■ **WHAT YOU NEED TO DO**
Starting at the line that contains "MrExcel Podcast is", reproduce only the lines through the end of the data, exactly, including both the first and the last; skip the pictures.
:: DATA BLOCK ::
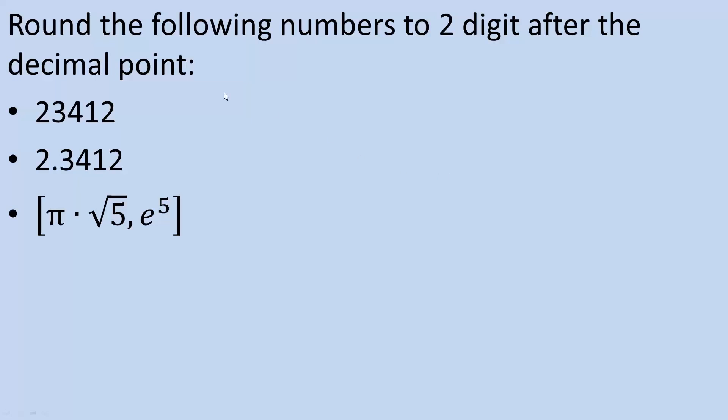Okay, in this video we want to round the following numbers to two digits after the decimal place using the TI Inspire CxCos. And so let's do this.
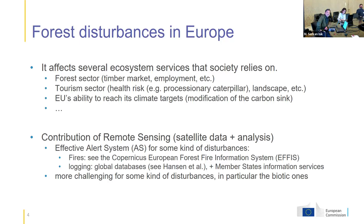Through monitoring the disturbances in forest, we rely on remote sensing technologies with satellite data and analysis. We already have an effective system like EFIS at the scale of Copernicus for tracking fires. We also have services for logging and monitoring at a global scale with OnSend, for instance, or at the scale of member states with their own information services. But for some other kinds of disturbances, in particular the biotic ones, it's more challenging to develop a method and to meet the needs of the member states.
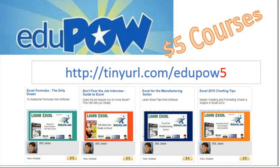MrExcel Podcast is sponsored by EduPow, home of the $5 courses. Check out my Excel class, Excel Formulas, the Dirty Dozen, at tinyurl.com/edupow5.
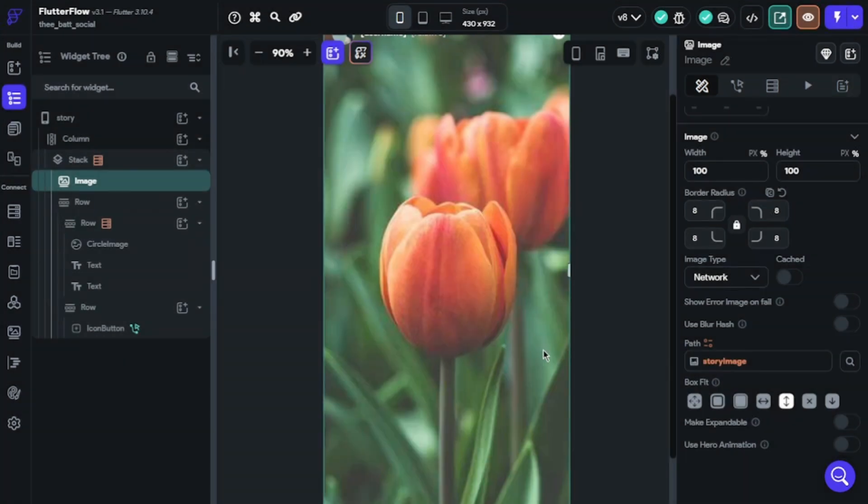That's it — our basic story implementation is ready. Let's take a look.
:::
■ **EXERCISE ANSWER**
MrExcel Podcast is sponsored by EduPow, home of the $5 courses. Check out my Excel class, Excel Formulas, the Dirty Dozen, at tinyurl.com/edupow5.
That's it — our basic story implementation is ready. Let's take a look.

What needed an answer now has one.